5.3. Sending non-keyed values transactionally

kafka
    .send(SendValuesTransactional
    .inTransaction("test-topic", Arrays.asList("a", "b", "c")));

The API of Kafka for JUnit has been designed with great care and readability in mind. Using static imports for factory methods shows that we can interact with the embedded Kafka cluster in a lean and readable way.

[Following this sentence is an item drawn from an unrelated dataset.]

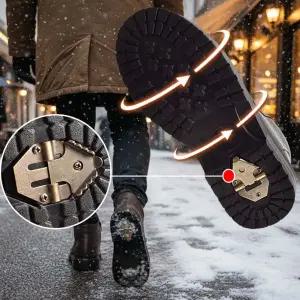 남성 겨울 가죽 앵클부츠 방한화 방수 털부츠 아이젠신발 패딩 워커 컴포트화 워킹화 정장 방수화 라이더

kafka.send(inTransaction("test-topic", Arrays.asList("a", "b", "c")));

5.4. Sending keyed records using defaults

List<KeyValue<String, String>> records = new ArrayList<>();

records.add(new KeyValue<>("aggregate", "a"));
records.add(new KeyValue<>("aggregate", "b"));
records.add(new KeyValue<>("aggregate", "c"));

kafka.send(SendKeyValues.to("test-topic", records));

5.5. Sending keyed records using overrides

List<KeyValue<String, String>> records = new ArrayList<>();

records.add(new KeyValue<>("aggregate", "a"));
records.add(new KeyValue<>("aggregate", "b"));
records.add(new KeyValue<>("aggregate", "c"));

kafka.send(SendKeyValues.to("test-topic", records)
    .with(ProducerConfig.ENABLE_IDEMPOTENCE_CONFIG, "true")
    .with(ProducerConfig.MAX_IN_FLIGHT_REQUESTS_PER_CONNECTION, "1"));

5.6. Sending keyed records transactionally

List<KeyValue<String, String>> records = new ArrayList<>();

records.add(new KeyValue<>("aggregate", "a"));
records.add(new KeyValue<>("aggregate", "b"));
records.add(new KeyValue<>("aggregate", "c"));

kafka.send(inTransaction("test-topic", records));

5.7. Sending records or values transactionally to multiple topics

kafka.send(SendValuesTransactional
    .inTransaction("test-topic-1", Arrays.asList("a", "b"))
    .inTransaction("test-topic-2", Arrays.asList("c", "d")));

5.8. Failing a transaction on purpose

kafka.send(SendValuesTransactional
    .inTransaction("test-topic", Arrays.asList("a", "b"))
    .failTransaction());

Defining a SendValuesTransactional request with failTransaction will write records to the Kafka log, but abort the transaction they belong to. This allows you to test if your application-specific Kafka consumers adhere to the transactional guarantees they claim to satisfy, since only a correct implementation of a consumer with isolation.level set to read_committed must see - and process - those records.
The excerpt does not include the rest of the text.